Lord Taylor was today found guilty of several counts of claiming expenses and allowances to which he was not entitled. A newspaper report considered the implications for the House of Lords when a member is convicted of a criminal offence. The report said,

Lord Taylor is set to remain a member of the Upper House despite his conviction.

Although successive ministers have proposed reforms so errant peers could be expelled, there is currently no such mechanism.

The House of Lords website states that a peerage "can only be removed by an Act of Parliament".

"Members convicted of a crime and sent to jail cannot sit due to their imprisonment but do not lose their peerage or membership (ie sitting and voting resumes when the custodial sentence finishes)," the website adds.
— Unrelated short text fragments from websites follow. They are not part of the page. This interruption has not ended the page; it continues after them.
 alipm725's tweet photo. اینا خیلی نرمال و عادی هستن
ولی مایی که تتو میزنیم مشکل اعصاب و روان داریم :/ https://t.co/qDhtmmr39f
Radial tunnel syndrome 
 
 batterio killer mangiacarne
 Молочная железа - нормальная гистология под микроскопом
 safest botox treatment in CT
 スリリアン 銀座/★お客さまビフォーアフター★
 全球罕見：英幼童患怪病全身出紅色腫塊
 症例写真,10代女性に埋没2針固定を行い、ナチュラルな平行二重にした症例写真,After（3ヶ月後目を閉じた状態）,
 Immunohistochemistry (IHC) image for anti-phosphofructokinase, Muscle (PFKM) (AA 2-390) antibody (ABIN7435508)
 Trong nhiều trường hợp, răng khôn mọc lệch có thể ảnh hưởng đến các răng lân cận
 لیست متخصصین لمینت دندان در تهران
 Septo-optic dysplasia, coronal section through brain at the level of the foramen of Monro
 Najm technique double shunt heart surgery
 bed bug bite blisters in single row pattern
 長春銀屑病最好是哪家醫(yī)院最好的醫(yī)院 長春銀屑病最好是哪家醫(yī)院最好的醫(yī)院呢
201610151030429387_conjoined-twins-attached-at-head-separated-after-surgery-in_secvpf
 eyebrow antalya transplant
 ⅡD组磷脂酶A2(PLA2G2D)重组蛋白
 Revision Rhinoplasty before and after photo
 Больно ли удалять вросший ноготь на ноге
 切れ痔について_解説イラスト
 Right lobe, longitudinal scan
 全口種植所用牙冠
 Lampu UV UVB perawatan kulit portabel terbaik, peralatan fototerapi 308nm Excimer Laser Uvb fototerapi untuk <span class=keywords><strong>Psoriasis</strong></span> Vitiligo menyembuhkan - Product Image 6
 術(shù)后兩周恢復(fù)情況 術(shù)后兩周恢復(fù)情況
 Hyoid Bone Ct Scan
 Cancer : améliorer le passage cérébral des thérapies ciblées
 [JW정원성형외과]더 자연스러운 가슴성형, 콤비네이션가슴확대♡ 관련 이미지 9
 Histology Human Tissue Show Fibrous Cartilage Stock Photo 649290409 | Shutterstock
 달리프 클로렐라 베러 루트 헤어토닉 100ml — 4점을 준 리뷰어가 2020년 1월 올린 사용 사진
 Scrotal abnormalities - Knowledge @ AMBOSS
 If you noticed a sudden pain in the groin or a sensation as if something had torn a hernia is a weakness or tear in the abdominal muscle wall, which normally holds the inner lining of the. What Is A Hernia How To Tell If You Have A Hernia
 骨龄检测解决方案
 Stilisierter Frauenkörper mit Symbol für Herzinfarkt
Having explained how a peer can only be expelled following an Act of Parliament, the report goes on to mention that,

The last time a title was removed was in 1917, when peers who had committed treason by fighting against Britain in the First World War were stripped of their status.

And it's this last sentence that interested me. I wonder if any Pals can tell me which allegedly treacherous peers were expelled from the House of Lords in 1917?


(I had thought that one of them might be His Royal Highness the Duke of Albany, grandson of Queen Victoria. In 1900 he inherited the German title Duke of Saxe-Coburg and Gotha and although a schoolboy at Eton at the time, he was basically ordered to go to Germany and be a German Duke. He did so, and received a commission in the German army during the Great War. He was stripped of his Royal Highness title and his peerages by the British Government, but that was in 1919).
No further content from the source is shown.